Data culture can be quickly canceled or sabotaged by simple language. Faster, flexible, and quality are words that executives use when they feel threatened by data culture. Because what are you answering? There is no context to help have a data-driven discussion on them.

  • Fast? Faster than what?
  • Flexible? Compared to what benchmark are you flexible?
  • Cost-effective? Compared to what?
  • Data Quality? What is your measure? Is it accuracy, frequency, completeness, uniqueness?
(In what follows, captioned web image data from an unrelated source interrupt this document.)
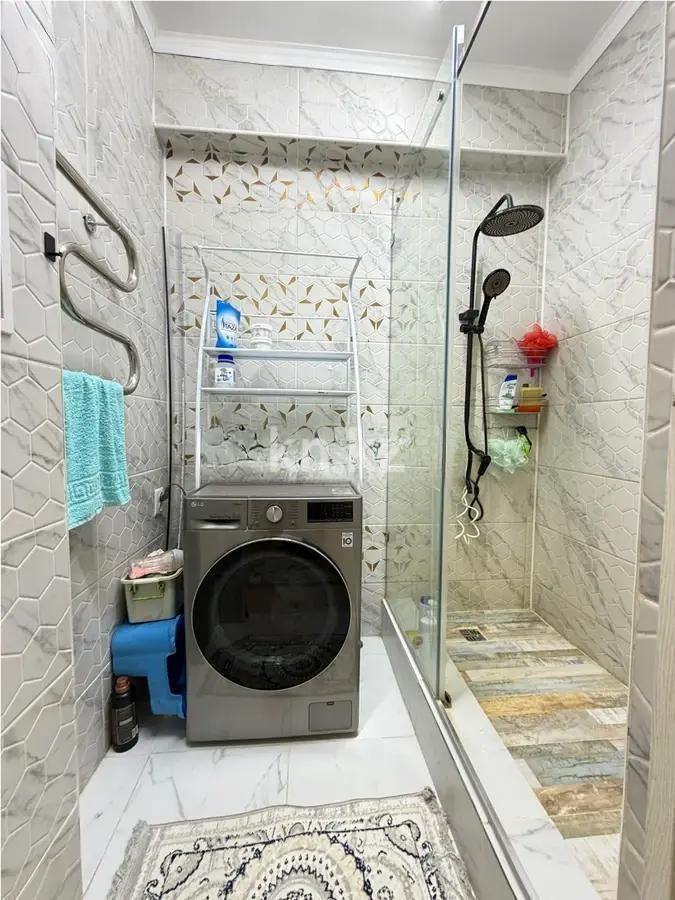 Продажа 3-комнатной квартиры, 90 м² в Алматы - фото 6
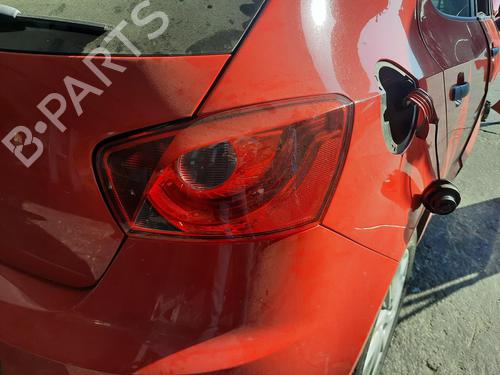 Used Right taillight SEAT IBIZA IV (6J5, 6P1) 1.0 (75 hp) 10231527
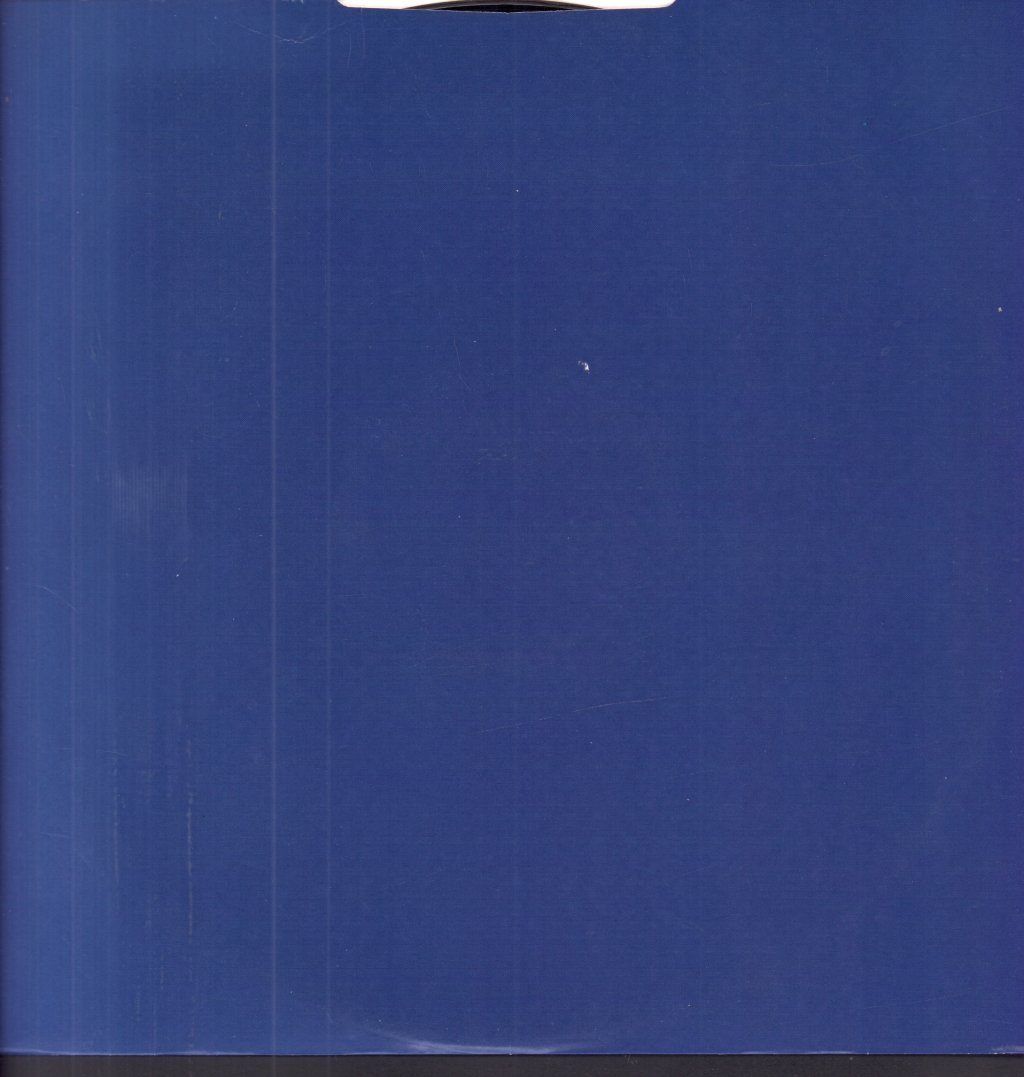 ORB - Asylum - 12 Inch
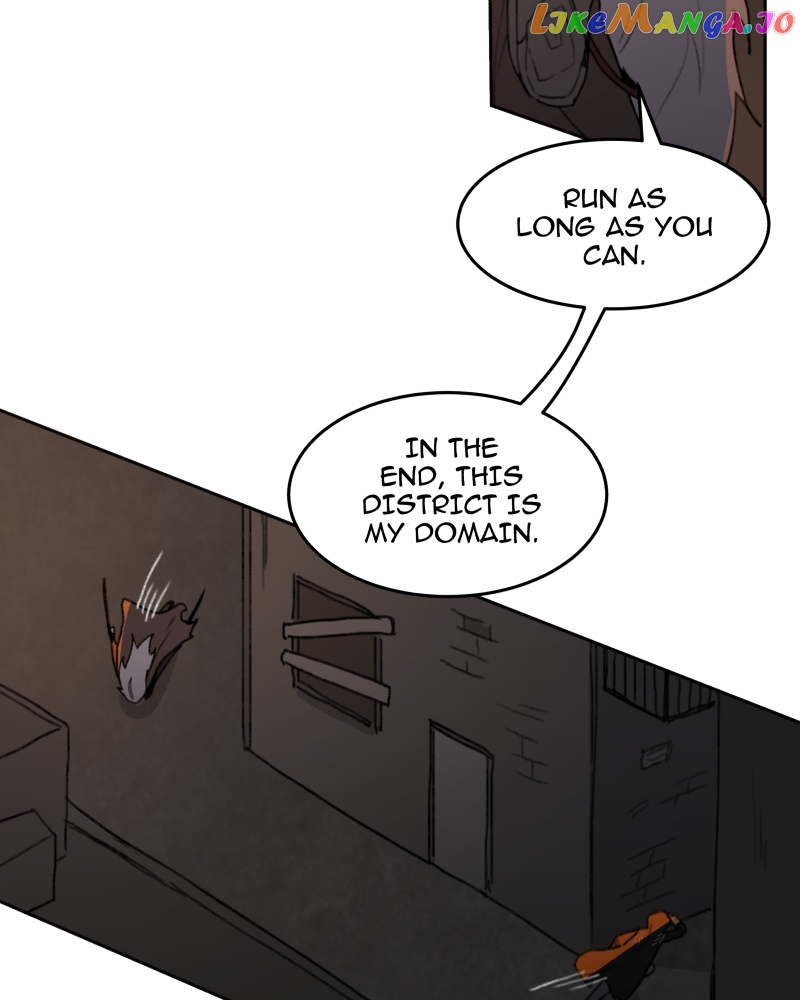 Code Adam Chapter 44 - page 46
Detractors of data culture will use these words and as others try to explain them, meaning is changed, or manipulated in a way to demonstrate the shortcomings of the new approaches.

Data Literacy

Create education programs that are targeted to each major level of the organization. Provide them with use cases that are meaningful and have a business focus that can be related to in their day-to-day workday. By training resources with clear examples that affect them in their current roles, you draw them into the discussion and captivate them with the “Art of the Possible.”

Democratization of Data

Allow people the freedom to explore data, to have the ability to pivot data in ways that don’t seem reasonable but could in the end produce wildly positive results for the organization. Careful thought must be given to privacy and compliance regulations along with Intellectual Property of the firm.

Technology

Technology can have a significant effect on your data culture. It is up to each firm to understand how many technologies they will allow for visualization or dashboarding. Suppose you have four or five technologies that support those capabilities. In that case, you are limited in moving resources to other areas of the organization because each division is using their own set of tools. 

Conclusion

Data culture is a composition of people, process, and technology and the interaction of these three components. When you empower teams to leverage data and provide them access to data, they will prove to you how powerful a force this is. On a global scale, we have witnessed the rise of organizations that exploit data to improve revenue, reduce costs, improve customer experience, and improve product maintenance. Data-driven organizations have outpaced those that are lower on the data culture maturity curve. The question you now face is how you move your organization to leverage data in a meaningful way.